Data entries
=-=-=-=-=

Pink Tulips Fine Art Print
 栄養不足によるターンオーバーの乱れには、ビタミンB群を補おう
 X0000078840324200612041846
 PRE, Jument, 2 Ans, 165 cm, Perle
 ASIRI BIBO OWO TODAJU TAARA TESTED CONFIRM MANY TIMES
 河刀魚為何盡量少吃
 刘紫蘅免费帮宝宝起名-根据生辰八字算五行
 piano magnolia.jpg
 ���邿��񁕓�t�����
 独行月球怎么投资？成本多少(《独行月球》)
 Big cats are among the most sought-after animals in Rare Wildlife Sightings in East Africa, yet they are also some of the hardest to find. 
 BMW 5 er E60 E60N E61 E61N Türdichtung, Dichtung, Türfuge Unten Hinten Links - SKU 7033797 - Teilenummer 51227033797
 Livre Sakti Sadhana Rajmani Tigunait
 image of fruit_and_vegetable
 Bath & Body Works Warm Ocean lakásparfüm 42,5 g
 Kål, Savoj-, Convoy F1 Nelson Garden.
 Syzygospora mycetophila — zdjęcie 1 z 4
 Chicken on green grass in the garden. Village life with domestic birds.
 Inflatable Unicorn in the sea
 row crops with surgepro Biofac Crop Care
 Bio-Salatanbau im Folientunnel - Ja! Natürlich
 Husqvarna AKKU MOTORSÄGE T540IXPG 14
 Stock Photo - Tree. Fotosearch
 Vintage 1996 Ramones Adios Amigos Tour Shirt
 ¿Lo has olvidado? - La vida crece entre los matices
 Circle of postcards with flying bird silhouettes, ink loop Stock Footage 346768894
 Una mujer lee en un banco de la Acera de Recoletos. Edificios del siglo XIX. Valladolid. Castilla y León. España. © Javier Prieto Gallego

=-=-=-=-=

**WORK REQUEST**
Reproduce the data in its entirety. Keep every character unchanged.

**REPLY TO THE EXERCISE**
Pink Tulips Fine Art Print
 栄養不足によるターンオーバーの乱れには、ビタミンB群を補おう
 X0000078840324200612041846
 PRE, Jument, 2 Ans, 165 cm, Perle
 ASIRI BIBO OWO TODAJU TAARA TESTED CONFIRM MANY TIMES
 河刀魚為何盡量少吃
 刘紫蘅免费帮宝宝起名-根据生辰八字算五行
 piano magnolia.jpg
 ���邿��񁕓�t�����
 独行月球怎么投资？成本多少(《独行月球》)
 Big cats are among the most sought-after animals in Rare Wildlife Sightings in East Africa, yet they are also some of the hardest to find. 
 BMW 5 er E60 E60N E61 E61N Türdichtung, Dichtung, Türfuge Unten Hinten Links - SKU 7033797 - Teilenummer 51227033797
 Livre Sakti Sadhana Rajmani Tigunait
 image of fruit_and_vegetable
 Bath & Body Works Warm Ocean lakásparfüm 42,5 g
 Kål, Savoj-, Convoy F1 Nelson Garden.
 Syzygospora mycetophila — zdjęcie 1 z 4
 Chicken on green grass in the garden. Village life with domestic birds.
 Inflatable Unicorn in the sea
 row crops with surgepro Biofac Crop Care
 Bio-Salatanbau im Folientunnel - Ja! Natürlich
 Husqvarna AKKU MOTORSÄGE T540IXPG 14
 Stock Photo - Tree. Fotosearch
 Vintage 1996 Ramones Adios Amigos Tour Shirt
 ¿Lo has olvidado? - La vida crece entre los matices
 Circle of postcards with flying bird silhouettes, ink loop Stock Footage 346768894
 Una mujer lee en un banco de la Acera de Recoletos. Edificios del siglo XIX. Valladolid. Castilla y León. España. © Javier Prieto Gallego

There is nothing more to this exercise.